Différentiel rapide hypoglycémie vs acidocétose diabétique chez le chat
Critère Hypoglycémie Acidocétose diabétique
Délai d’apparition Heures (post-injection) Jours
Histoire récente Surdosage, jeûne, effort PUPD majorée, anorexie progressive, vomissements
Action propriétaire Sucre oral, transport Pas de sucre nécessaire, transport en urgence
Insuline Surtout pas Indispensable en clinique (IV)

La règle de sécurité retenue par l’ISFM transposée au propriétaire : « en cas de doute, donnez du sucre » (ISFM/iCatCare 2025, When in doubt, give glucose). Le sucre oral chez un chat en acidocétose ne tue pas ; l’insuline donnée par erreur chez un chat en hypoglycémie peut tuer.

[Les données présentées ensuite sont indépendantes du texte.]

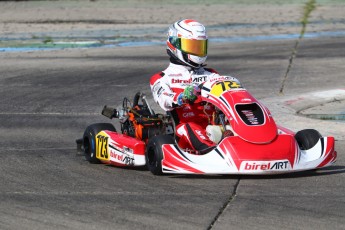 Karting à ICAR - Coupe de Montréal #3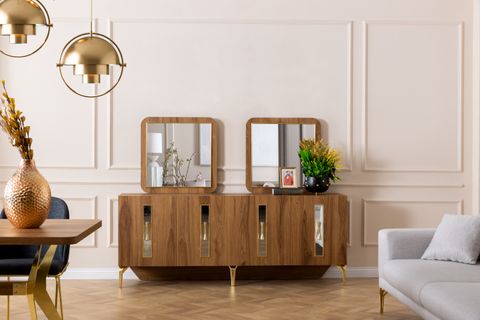 DELTA YEMEK ODASI TAKIMI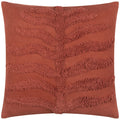 Argile - Front - Furn - Housse de coussin DAKOTA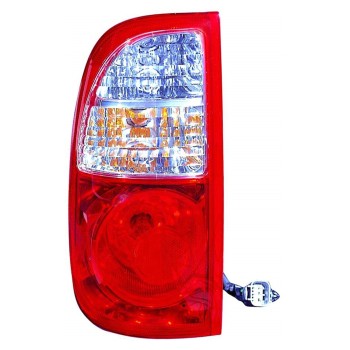Tail Light Assembly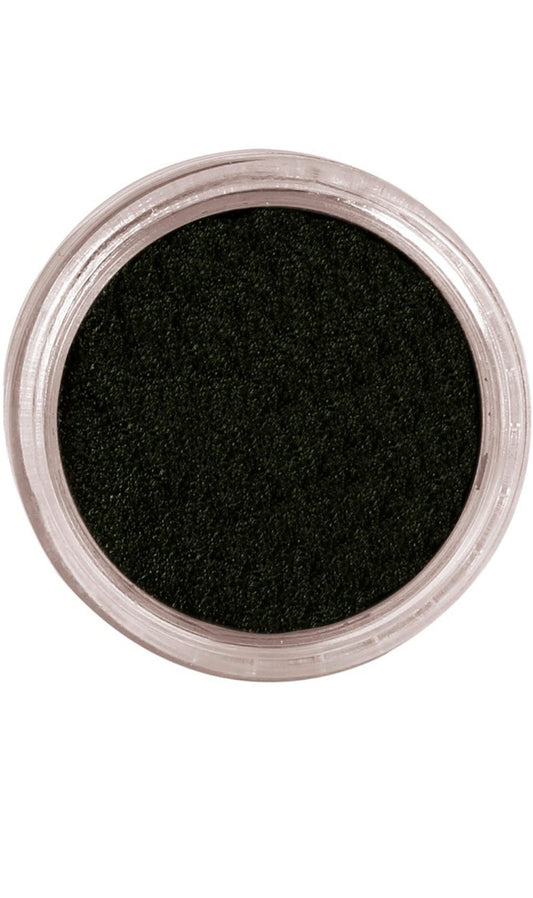 Maquilhagem Base Água Preta 15 gr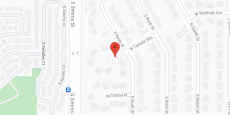 Makarios Assisted Living in google map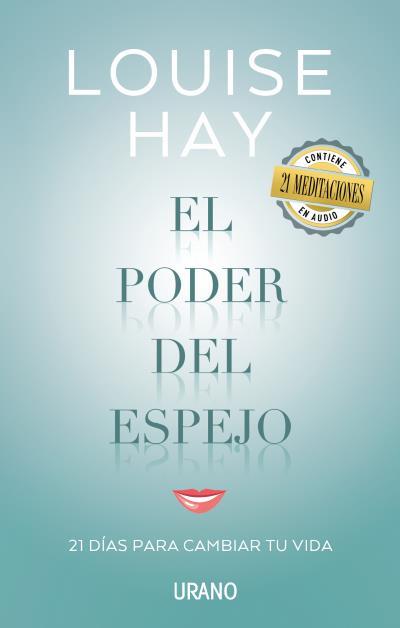 El poder del espejo | 9788479539573 | Hay, Louise | Librería Castillón - Comprar libros online Aragón, Barbastro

Une situation particulière mérite une vigilance accrue : les chats sous comprimés inhibiteurs SGLT2 (bexagliflozine, velagliflozine) peuvent développer une forme rare mais grave d’acidocétose, dite euglycémique, c’est-à-dire avec une glycémie quasi normale, particulièrement dans les deux premières semaines de traitement (ISFM/iCatCare 2025 ; AAHA 2026). L’article dédié à l’acidocétose diabétique féline détaille cette particularité.

Pourquoi votre chat fait-il une hypoglycémie

Les causes principales identifiées en pratique :

  • Surdosage d’insuline : le plus fréquent. Erreur de seringue (U-40 utilisée à la place d’une U-100, ou inverse), confusion de dose, double injection involontaire.
  • Repas sauté ou réduit sans adaptation de la dose : un chat anorexique conserve son besoin d’insuline diminué.
  • Effort physique inhabituel : la consommation musculaire de glucose s’élève.
  • Entrée en rémission diabétique non détectée : une partie des chats diabétiques retrouve une fonction pancréatique partielle ; la dose d’insuline qui convenait au mois précédent devient brutalement excessive. C’est le scénario à anticiper systématiquement dans les 3 à 6 premiers mois suivant le diagnostic.
  • Maladie intercurrente (insuffisance rénale, hyperthyroïdie, infection) qui modifie les besoins en insuline.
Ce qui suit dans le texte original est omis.